Lines from the one holding "Trải nghiệm sảnh live casino FABET" through the end of the entries, inclusive, form the whole output; reproduce them exactly and omit pictures.

# [Supplied material]
....................
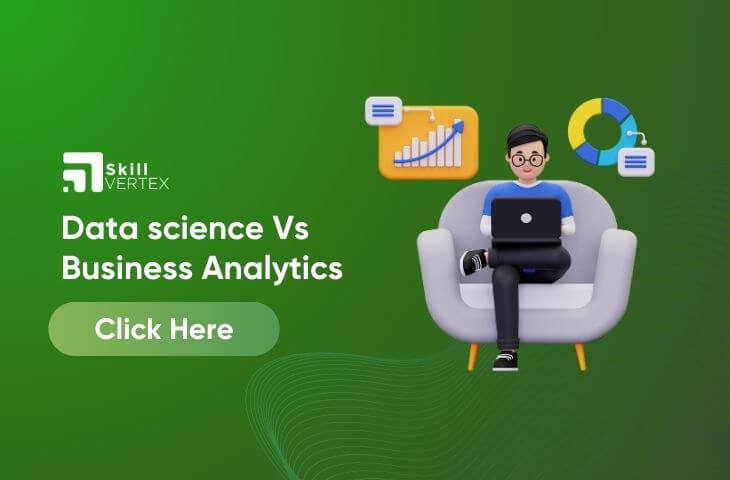 Data Science Vs Business Analytics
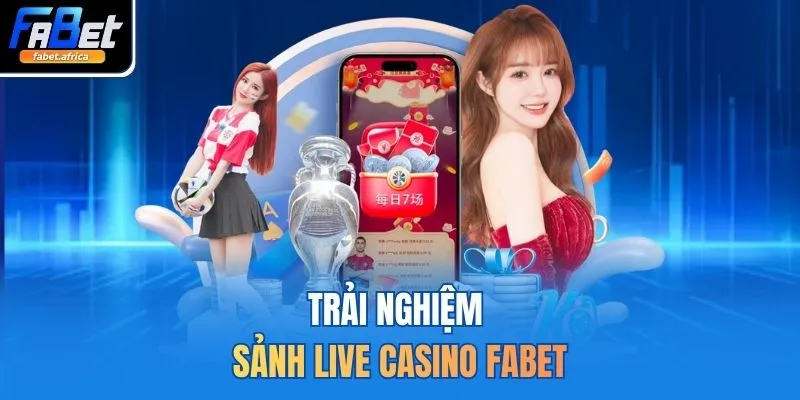 Trải nghiệm sảnh live casino FABET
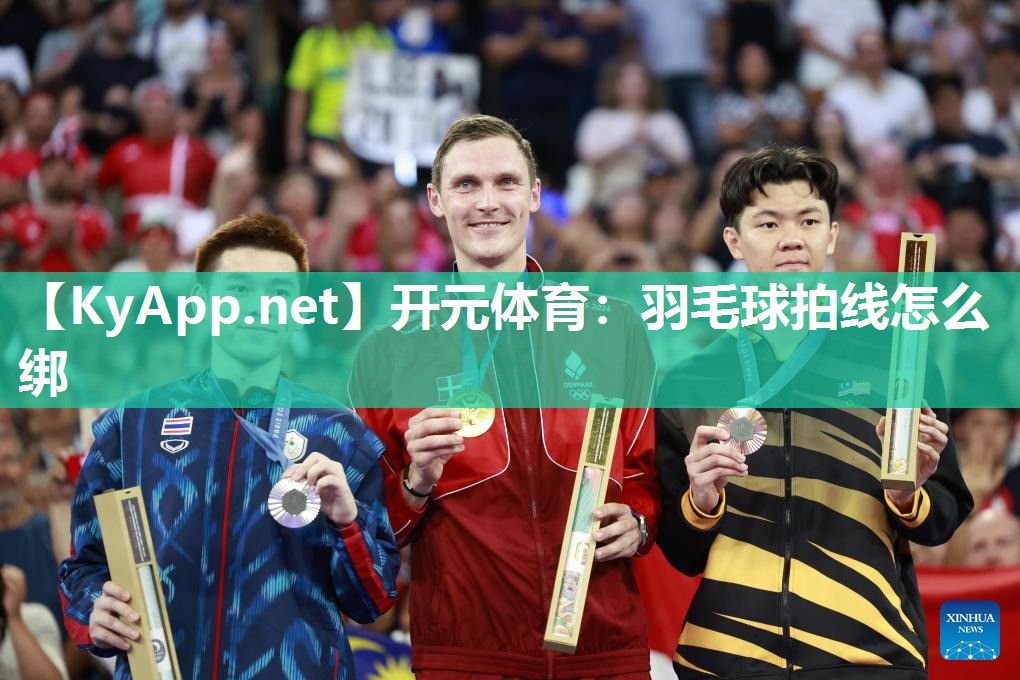 开元体育：羽毛球拍线怎么绑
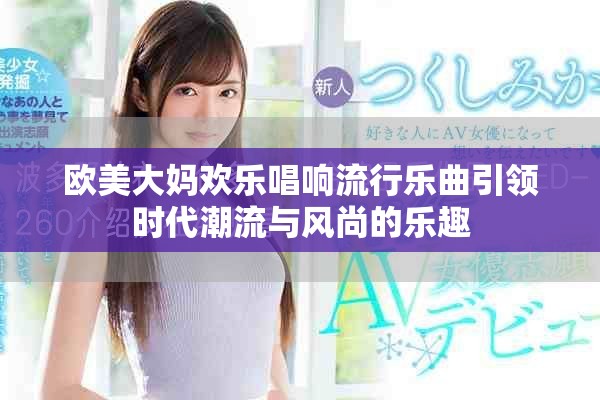 欧美大妈欢乐唱响流行乐曲引领时代潮流与风尚的乐趣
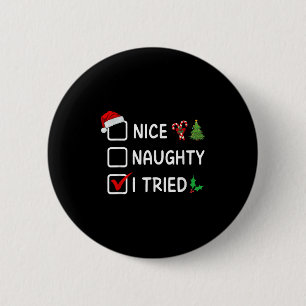 Nice Naughty I Tried Christmas List Santa Hat Funn Button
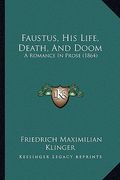 faustus, his life, death, and doom: a romance in prose (1864) (en Inglés)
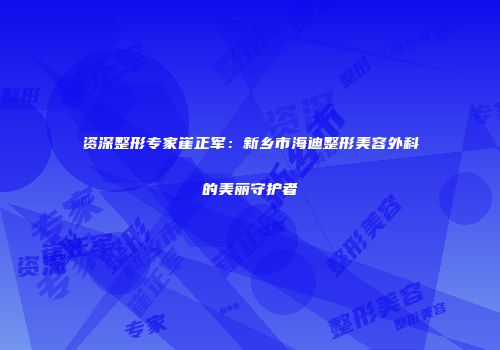资深整形专家崔正军：新乡市海迪整形美容外科的美丽守护者
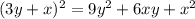 (3y+x)^2=9y^2+6xy+x^2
....................
# [Solution]
 Trải nghiệm sảnh live casino FABET
 开元体育：羽毛球拍线怎么绑
 欧美大妈欢乐唱响流行乐曲引领时代潮流与风尚的乐趣
 Nice Naughty I Tried Christmas List Santa Hat Funn Button
 faustus, his life, death, and doom: a romance in prose (1864) (en Inglés)
资深整形专家崔正军：新乡市海迪整形美容外科的美丽守护者
 (3y+x)^2=9y^2+6xy+x^2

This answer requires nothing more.